Entity–relationship model

An entity–relationship diagram using Chen's notation

An entity–relationship model (ER model) describes inter-related things of interest in a specific domain of knowledge. An ER model is composed of entity types (which classify the things of interest) and specifies relationships that can exist between instances of those entity types.

In software engineering an ER model is commonly formed to represent things that a business needs to remember in order to perform business processes. Consequently, the ER model becomes an abstract data model that defines a data or information structure that can be implemented in a database, typically a relational database.

Entity–relationship modeling was developed for database design by Peter Chen and published in a 1976 paper.[1] However, variants of the idea existed previously,[2] some ER modelers show super and subtype entities connected by generalization-specialization relationships,[3] and an ER model can be used also in the specification of domain-specific ontology.

Introduction

An entity–relationship model is usually the result of systematic analysis to define and describe what is important to processes in an area of a business. It does not define the business processes; it only presents a business data schema in graphical form. It is usually drawn in a graphical form as boxes (entities) that are connected by lines (relationships) which express the associations and dependencies between entities. An ER model can also be expressed in a verbal form, for example: one building may be divided into zero or more apartments, but one apartment can only be located in one building.

Entities may be characterized not only by relationships, but also by additional properties (attributes), which include identifiers called "primary keys". Diagrams created to represent attributes as well as entities and relationships may be called entity–attribute-relationship diagrams, rather than entity-relationship models.

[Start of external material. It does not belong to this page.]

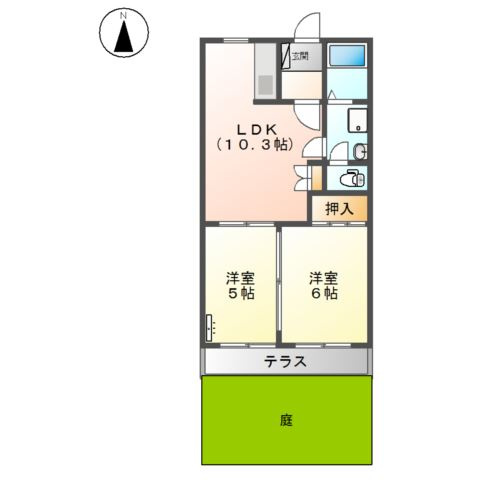 グランビュー平田の間取り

An ER model is typically implemented as a database. In a simple relational database implementation, each row of a table represents one instance of an entity type, and each field in a table represents an attribute type. In a relational database a relationship between entities is implemented by storing the primary key of one entity as a pointer or "foreign key" in the table of another entity

There is a tradition for ER/data models to be built at two or three levels of abstraction. Note that the conceptual-logical-physical hierarchy below is used in other kinds of specification, and is different from the three schema approach to software engineering.

Conceptual data model
This is the highest level ER model in that it contains the least granular detail but establishes the overall scope of what is to be included within the model set. The conceptual ER model normally defines master reference data entities that are commonly used by the organization. Developing an enterprise-wide conceptual ER model is useful to support documenting the data architecture for an organization.
A conceptual ER model may be used as the foundation for one or more logical data models (see below). The purpose of the conceptual ER model is then to establish structural metadata commonality for the master data entities between the set of logical ER models. The conceptual data model may be used to form commonality relationships between ER models as a basis for data model integration.
Logical data model
A logical ER model does not require a conceptual ER model, especially if the scope of the logical ER model includes only the development of a distinct information system. The logical ER model contains more detail than the conceptual ER model. In addition to master data entities, operational and transactional data entities are now defined. The details of each data entity are developed and the relationships between these data entities are established. The logical ER model is however developed independent of technology into which it can be implemented.
Physical data model
One or more physical ER models may be developed from each logical ER model. The physical ER model is normally developed to be instantiated as a database. Therefore, each physical ER model must contain enough detail to produce a database and each physical ER model is technology dependent since each database management system is somewhat different.
The physical model is normally instantiated in the structural metadata of a database management system as relational database objects such as database tables, database indexes such as unique key indexes, and database constraints such as a foreign key constraint or a commonality constraint. The ER model is also normally used to design modifications to the relational database objects and to maintain the structural metadata of the database.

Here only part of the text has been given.